Similarly, police in Buenos Aires recently arrested an internationally wanted murder suspect after his image was identified as a likely match by INTERPOL’s facial recognition unit.
Blueprint for future global policing
As part of the Secretary General’s INTERPOL 2020 reform agenda, NCBs were also briefed on current efforts to enhance INTERPOL’s core services through a comprehensive capabilities review for improving contemporary global law enforcement effectiveness, including:
- Twinning: an INTERPOL programme enabling countries to draw on each other’s assets, best practices and resources so that police in all regions operate at top capacity.
- NCB Quality Standards project: an online initiative enabling countries to self-assess their compliance with INTERPOL working standards and enable the General Secretariat to provide tailored support whenever required.
- Online police translation service: a critical tool for a multilingual organization requiring fast police action around the clock in a secure environment, adapted specifically to international police terminology.
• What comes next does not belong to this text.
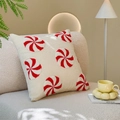 Housse de coussin de Noël brodée avec motif spirale rouge sur tissu texturé beige - Bonbon de Noël en Chenille / 45*45 (Housse Uniquement)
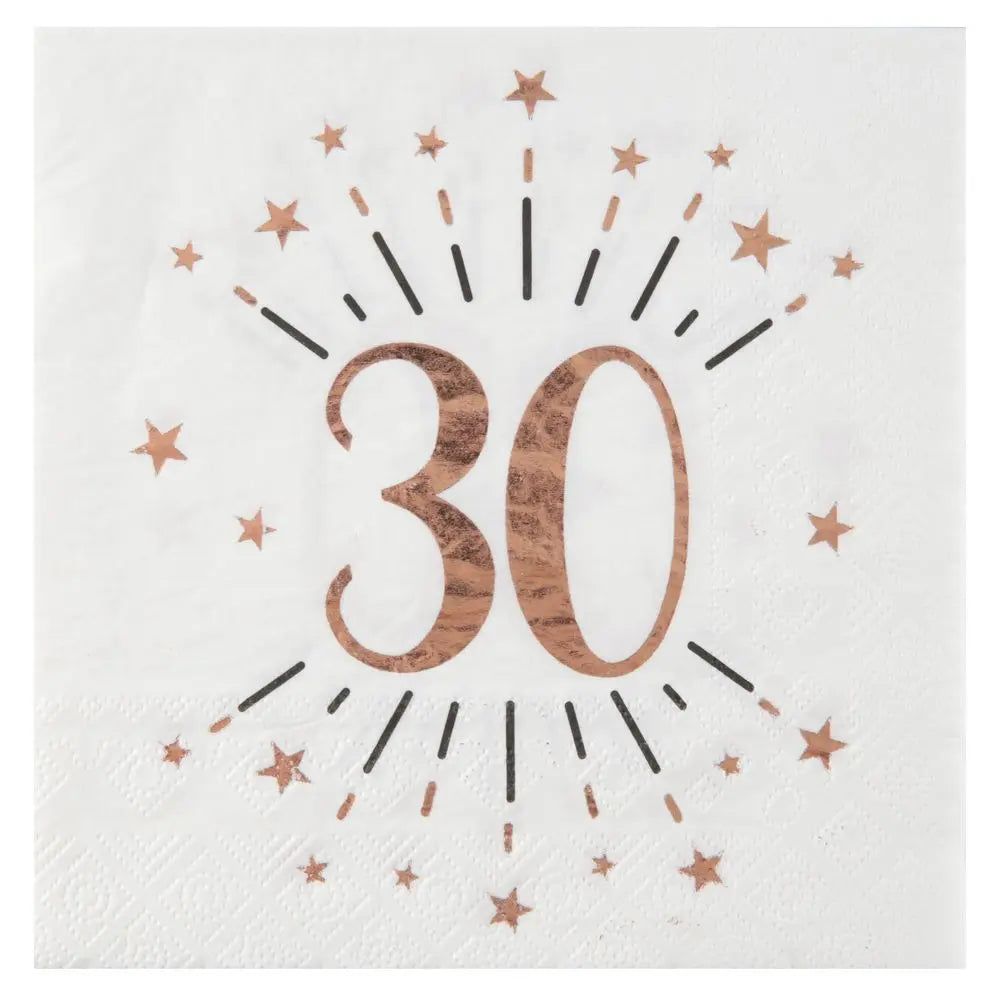  10 Serviettes en Papier 33x33cm - Etincelant Rose Gold - 30 Ans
- I-Core: a review initiative to ensure that new INTERPOL global police services are produced, integrated, managed and delivered coherently and in keeping with the needs of the global law enforcement community.
INTERPOL Memorial
During the three days of the meeting, participants paid tribute to fallen police officers worldwide at a memorial which INTERPOL recently unveiled at its General Secretariat headquarters in Lyon as well as the INTERPOL global Complex for Innovation in Singapore.